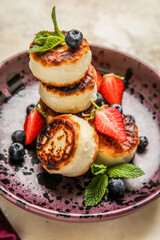 Plate with cottage cheese pancakes, fresh berries and mint leaves, closeup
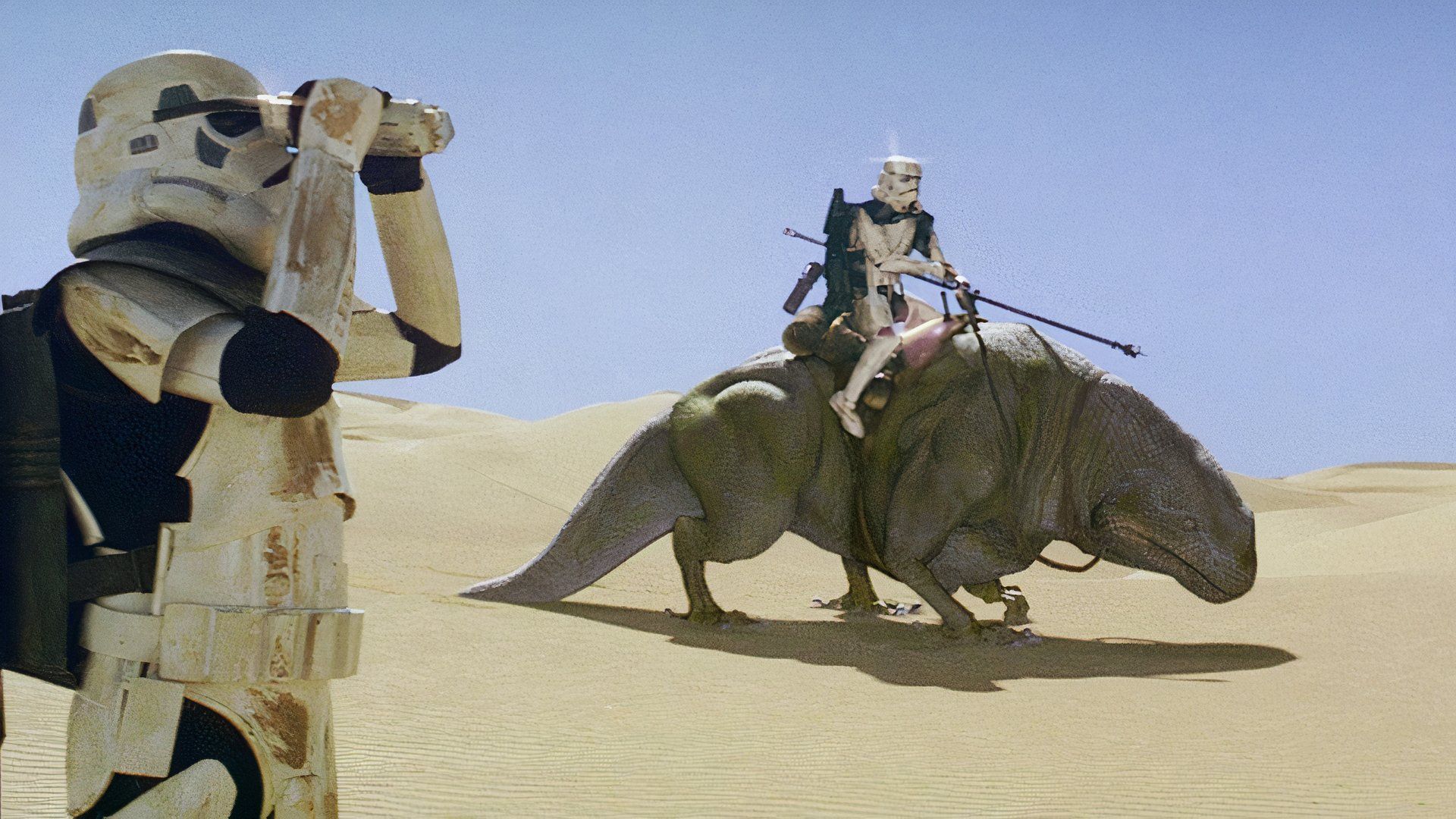 Sandtroopers search the Tatooine desert with Dewbacks in a scene from Star Wars: A New Hope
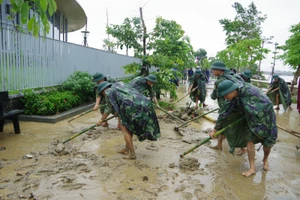 Các chiến sĩ mặc áo mưa dọn dẹp bùn đất.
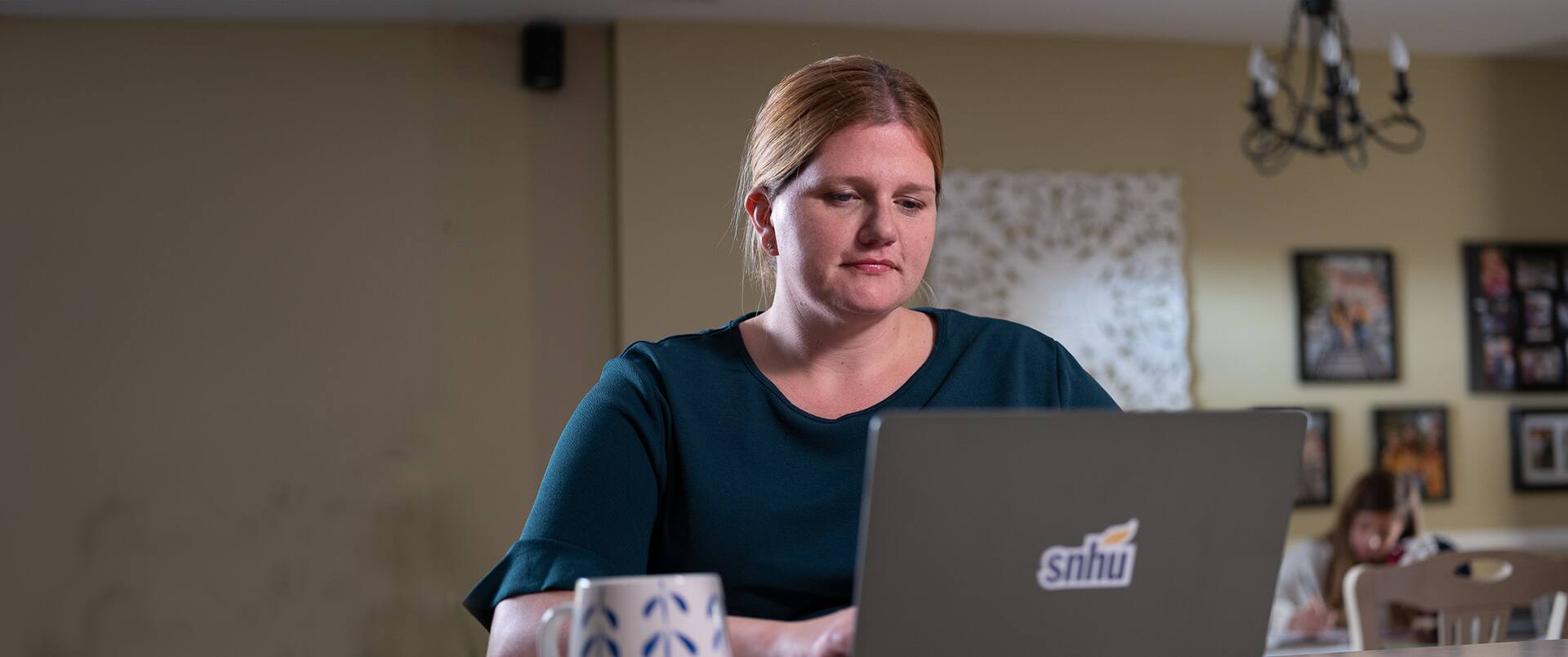 2019 online criminal justice degree graduate Shelly Villa, working from a laptop computer.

## ASSIGNMENT
All of the data is to be reproduced exactly, with the pictures left out.

## WRITTEN ANSWER
 Plate with cottage cheese pancakes, fresh berries and mint leaves, closeup
 Sandtroopers search the Tatooine desert with Dewbacks in a scene from Star Wars: A New Hope
 Các chiến sĩ mặc áo mưa dọn dẹp bùn đất.
 2019 online criminal justice degree graduate Shelly Villa, working from a laptop computer.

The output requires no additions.